Post-Recession Surge in Divorces Expected, Say Lawyers

With reports suggesting that the UK may be moving out of recession, many lawyers are predicting a big spike in the amount of divorces they will have to invigilate. Some firms are indicating that they have seen up to a 30% increase in the amount of divorce cases they have to deal with, this could be due to the fact that many couples were putting off a split due to the negative financial implications.

Huge Divorce Drop Back in 2008

The recent rise mirrors a huge drop that occurred just over four years ago when the economic downturn really took hold. With money being too tight to mention and other seemingly more important things on their mind, it appears that couples have just been too busy or broke to consider parting ways, but this looks set to change as the nation starts to look at the possibility of some more stable times ahead.

The official figures actually show that the number of divorces in the United Kingdom dropped for the first two years of the recession and then rose again in 2010 to around 119,00 when the outlook started to look a little bit better.

Equity

Another factor that is seen as fundamental is the fact that couples may have been waiting for the price of their property to creep back up again. As the recession worsened, it seems that people became increasingly concerned about their lowered incomes and how much they would get back if they sold their house. Many divorce lawyers believe this led to many couples postponing their plans to split until they could both walk away with a decent return.

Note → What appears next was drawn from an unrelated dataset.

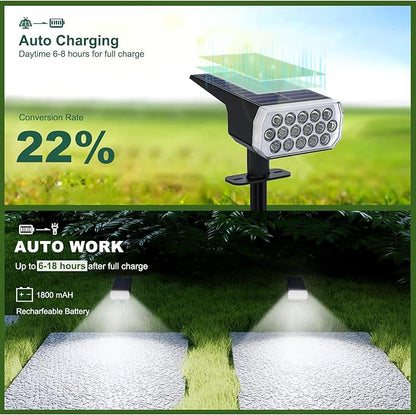 Solar Spot Lights Outdoor Waterproof, 16 LED High Brightness Solar Lights Outdoor, 2 Pack 2-in-1 Landscape Lighting for Yard Garden, 1800mAh Cool White, 3 Modes Solar Lights IP65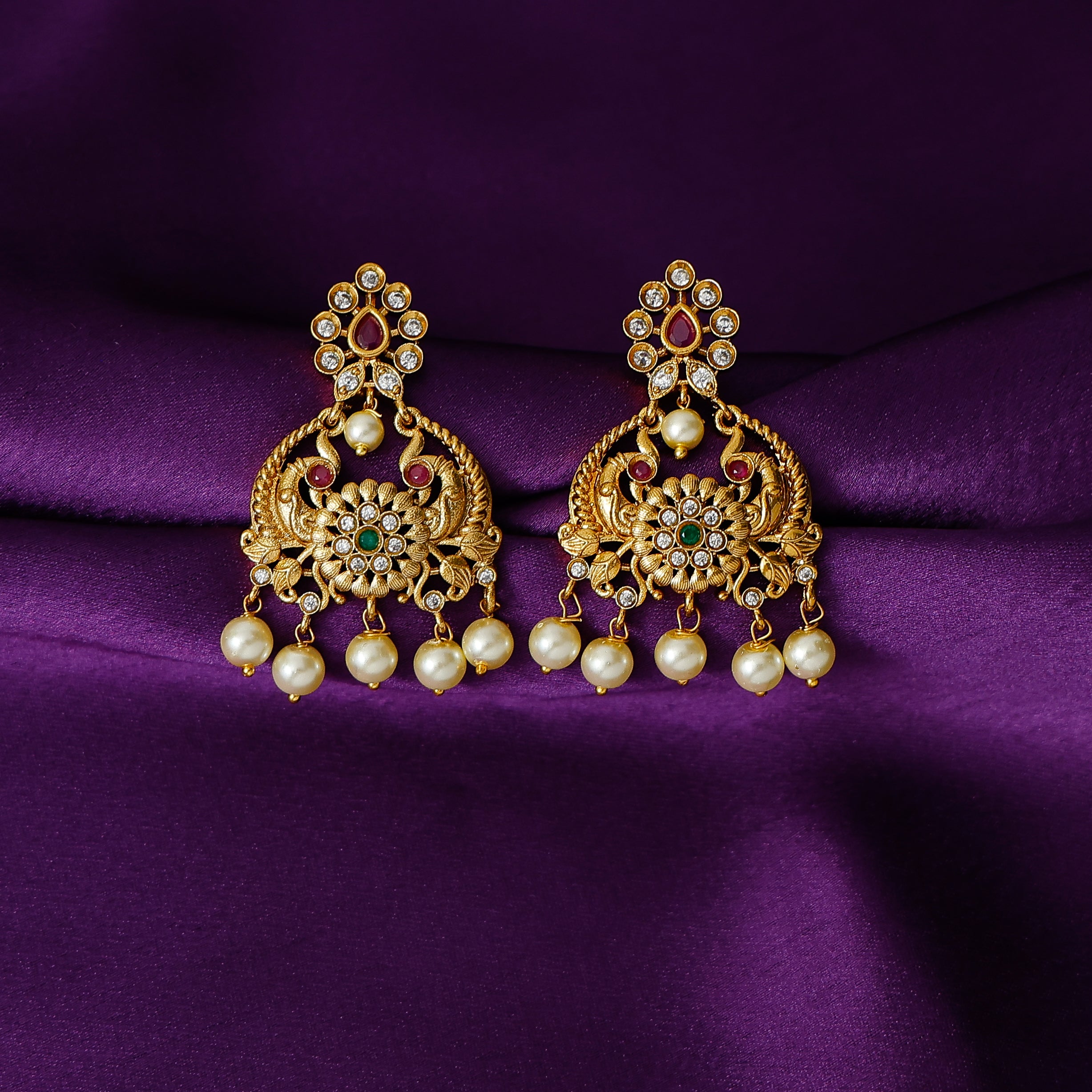Floral Pearl Peacock Dangler Earrings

Evidently, not many couples predicted that this would actually be the worst recession in modern times and that the financial doom and gloom would continue for so long.

Larger Rise Could Be On The Way for 2013

Now that many believe there is light at the end of the tunnel and property prices may start to rise very soon, a lot of solicitors are seeing a noticeable rise in divorce proceedings and this is set to gather real pace over the next 12 months.

The figures echo predictions from a number of the United Kingdom’s divorce solicitors and represents some of the first clear cut evidence that an even larger spike in divorce applications could be on the way.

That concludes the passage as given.